The café garden of St. John the Baptist Cathedral in Norwich
It feels very thrilling to drink earl grey tea in the garden of the Cathedral of St. John the Baptist — the center of Roman Catholic life in a small English city called Norwich — while reading a chapter from Georges Bataille’s stunningly revolting novella The Story of the Eye. The rain has slowed to a drizzle, the undead flowers swell with autumnal pride, and our loathsome heroes are wandering around sunny Seville. Marcelle, their sometimes friend and sometimes half-willing lover, is dead by suicide. It’s a pity, but Simone and our unnamed narrator don’t seem to care. They’re taking shelter from the sun at a corrida, watching an enraged bull charge a matador. Simone sits on a pair of freshly excised bull testicles procured by Sir Edmund, her wealthy English sex patron, and wiggles around. The narrator’s gaze shifts between Simone and the matador, the dead bull’s balls and the live bull’s horns, the blazing sun and the waning shade, the men in the stands, the deafening sounds and silences, the unbearable thirst, the intolerable sun…back and forth until, mercifully (for we were just about to vomit from motion sickness), he stops to contemplate a moment of enticing symmetry: the bull gouges out the matador’s eye — “one horn plunged into the right eye and through the head” — just as Simone climaxes and flings herself to the ground, nose bleeding and legs trembling uncontrollably.

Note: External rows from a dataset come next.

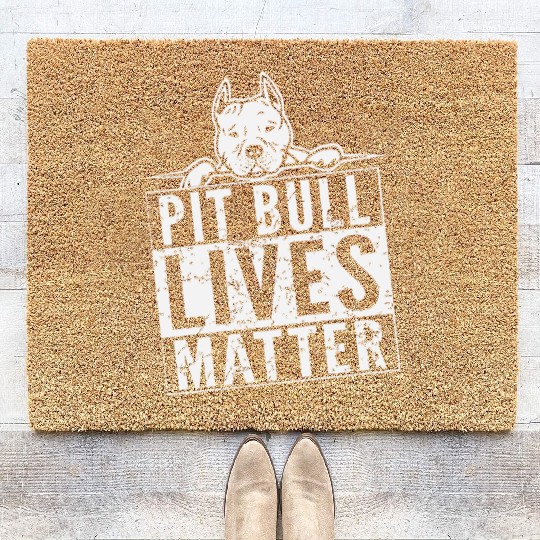 Pitbull - Pit Bull Lives Matter Coir Doormats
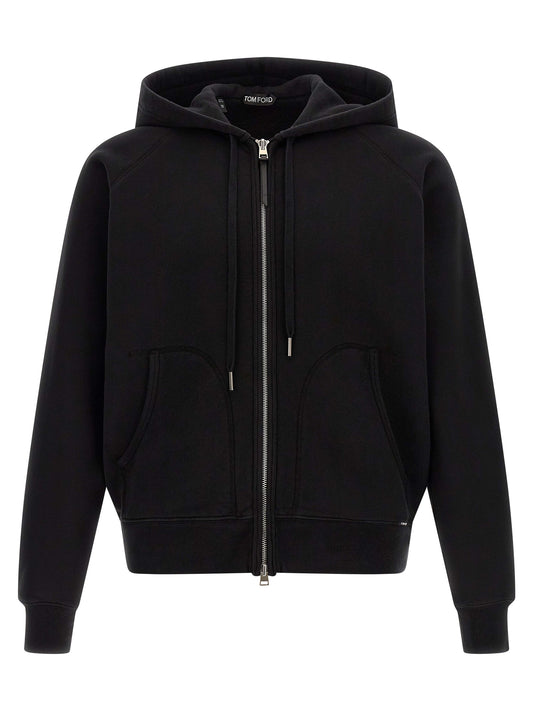 Tom Ford Black Cotton Sweatshirt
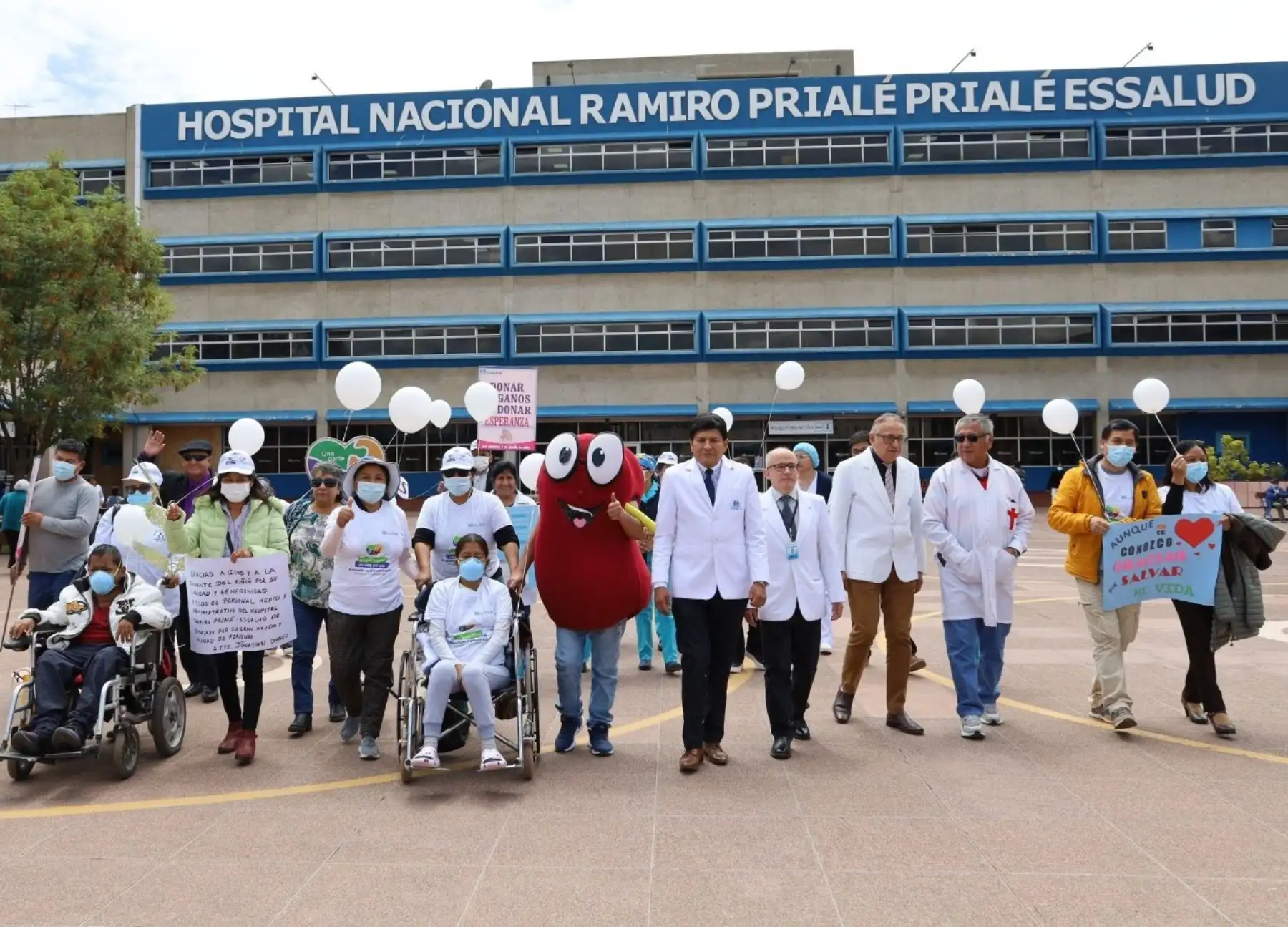 Dan de alta a cinco pacientes trasplantados en hospital Ramiro Prialé, de EsSalud, de la ciudad de Huancayo, región Junín. Foto: ANDINA/difusión.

Gross, right? And this is one of the less disturbing orgasm scenes in Bataille’s 100ish page sexvella (my word for a novella about sex) tracing the violent misadventures of two deviant young lovers. If I were a literature PhD student given to discoursing on libidinal economies and hermeneutics of sadomasochism and the like, I’d probably say that The Story of the Eye is a novella about the erotic potentialities of the dual triads of eggs, eyes, and testicles, and eggs, semen, and urine. Or maybe that it’s a meditation on nonpenetrative modes of psychosexual violence, or a Sadian hymn to the possibilities of a phallogodecentric erotic praxis. If you’ve read the book, you know what I mean (maybe). If you haven’t, a few words of advice:
DON’T READ THE BOOK.
Really, don’t. It is disgusting in the extreme and deeply offensive to even the most dulled sensibilities and has little to recommend it by way of style or plot or structure. And it could permanently ruin eggs for you.
Too late for me to heed that advice. As I said, I’m sitting in the garden of this stunning cathedral that looks like it was built in the 12th century but turns out to have been finished in 1910 and delighting in how downright subversive and obnoxious I am. Our hellbound protagonists have now stumbled upon a Spanish priest administering confession to a young woman at a local church. The violent orgy that ensues will involve a nauseating amount of blasphemy, wickedness and, of course, urine. Why urine? Bataille devotes a few paragraphs in the postface to this question. His working hypothesis (because not even writers themselves can plumb the depths of their own work) involves an erotic association between his syphilitic, bedbound father and the chamber pots into which he (the syphilitic father) relieved himself. Go figure.
Reading The Story of the Eye in the garden of a place holy to a billion plus people is a cheap thrill, and cheap thrills never last for long. It’s a bit like throwing a Styrofoam cup out the window while driving down the highway, only to stop and find that the wind smeared the coffee dregs all over the car door. Or like turning up the rock music in your headphones as you walk, imagining that you’re the protagonist in a movie about redemption and glory, only to arrive at the lecture hall and take out your headphones and sit down next to dozens of people who were just doing the same thing. The clouds gather and threaten rain. The breeze carries my wooden stirrer away. A café worker approaches and informs me that they’re closing in ten minutes and would I mind putting my tray on the rack inside and closing the umbrella before I leave. He’s both polite and cold in the way that the English often are. This conjunction of civility and standoffishness crosses wires in the American mind. We’re used to assholes and sweethearts, but not to whatever lies between. (It turns out that ‘English service workers’ are what lies in between.) I say yes, of course, and begin to pack up my belongings. For a moment, the book lies face up on the table between us. I shove it quickly into my backpack, but the café worker is already gone. He didn’t even look at it once. Goddamnit.